According to the latest study by the Thinking Ahead Institute (TAI), associated with WTW, assets under management (AUM) by the world’s 500 largest asset managers reached $128 trillion at the end of 2023. Although levels from 2021 were not reached, the annual growth of 12.5% already marks a significant recovery following the previous year’s correction, when AUM dropped by $18 trillion in 2022.
The study highlights the evolution in active and passive management, showing that, for the first time, passive management strategies account for more than a third (33.7%) of assets under management among the top 500 asset managers, though nearly two-thirds continue to be actively managed.
In terms of asset class allocation, there is notable growth in private markets. Equity and fixed income, however, remain the predominant asset classes, totaling 77.3% of assets under management—48.3% in equities and 29% in fixed income. This represents a slight 0.2% decrease from the previous year as investors continue seeking alternatives such as private equity and other illiquid assets to achieve higher returns.
“Due in part to the performance of American equities as a driver of returns, North America experienced the highest growth in assets under management, with a 15% increase, followed closely by Europe (including the UK), which recorded a 12.4% rise. Japan, however, saw a slight decrease, with a 0.7% drop in AUM. As a result, North America now accounts for 60.8% of the total AUM among the top 500 managers, reaching $77.8 trillion at the end of 2023,” the report explains.
Consequently, U.S. asset managers dominate the top of the ranking, holding 14 of the top 20 positions and representing 80.3% of assets in this group. Among individual asset managers, BlackRock remains the world’s largest, with total assets exceeding $10 trillion. Vanguard Group holds the second spot with nearly $8.6 trillion, both far ahead of Fidelity Investments and State Street Global, ranked third and fourth, respectively. Among the managers with the most notable rises in the past five years are Charles Schwab Investment, which climbed 34 spots to reach 25th place, and Geode Capital Management, which rose 31 spots to 23rd. Canada’s Brookfield Asset Management also advanced 29 positions, reaching 31st place.
“Asset managers have experienced a year of consolidation and change. While we’ve seen a return to positive market performance, there have also been significant transformative factors,” says Jessica Gao, director of the Thinking Ahead Institute.
The report’s findings indicate that macroeconomic factors have played a key role, with high interest rates in 2023 exerting various pressures across asset classes, geographies, and investment styles. The study explains that as rates begin shifting toward a reduction phase, equity markets are again delivering positive returns, driven by growth expectations. Future uncertainties are centered on geopolitical events and several major national elections.
Raúl Mateos, APG Leader for Continental Europe, notes that asset managers face significant pressure to evolve their investment models: “Technology is essential, not only for maintaining a competitive edge but also for meeting client needs and expectations, as well as responding to the growing demand for more customized investment solutions. These demands are challenging traditional industry structures.
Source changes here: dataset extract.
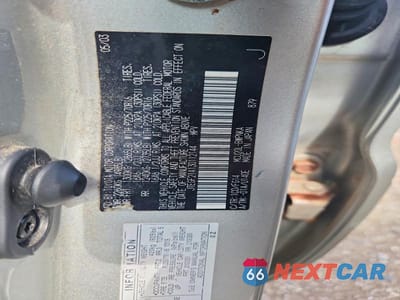 Zdjęcie 12 z 12 samochodu: 2003 TOYOTA HIGHLANDER LIMITED VIN:JTEGF21A130112144 - miniatura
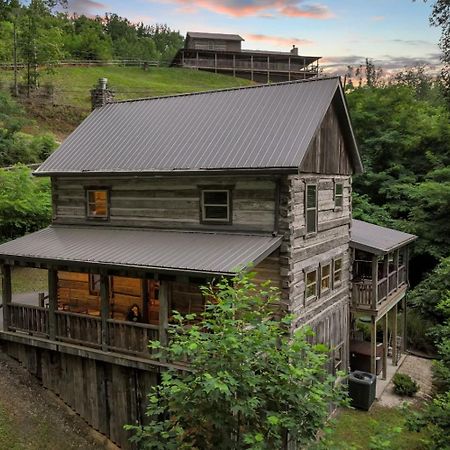 Barnwood Ridge Villa Gatlinburg Kültér fotó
In this context, we have seen notable successes among independent asset managers compared to many of those tied to insurers and banks.”
Regarding specific geographies, Mateos points out that in the past decade, we’ve seen a rise in AUM globally; however, Spain’s market share has declined over this period, from managing 1.5% in 2013 to 0.6% in 2023. “We need to go down to 99th place to find a Spanish representative, Banco Santander, with a total of $239.49 billion, leading the list of ten Spanish managers that include entities like CaixaBank, BBVA, and Mapfre. Moreover, assets managed under ESG criteria grew by 15.5% in 2023, reaching 29.6% of ESG investments within portfolios, marking the highest level in the past three years. This trend shows that ESG criteria are increasingly being integrated into asset selection, demonstrating a growing focus on the impact of our investments on the world,” he concludes.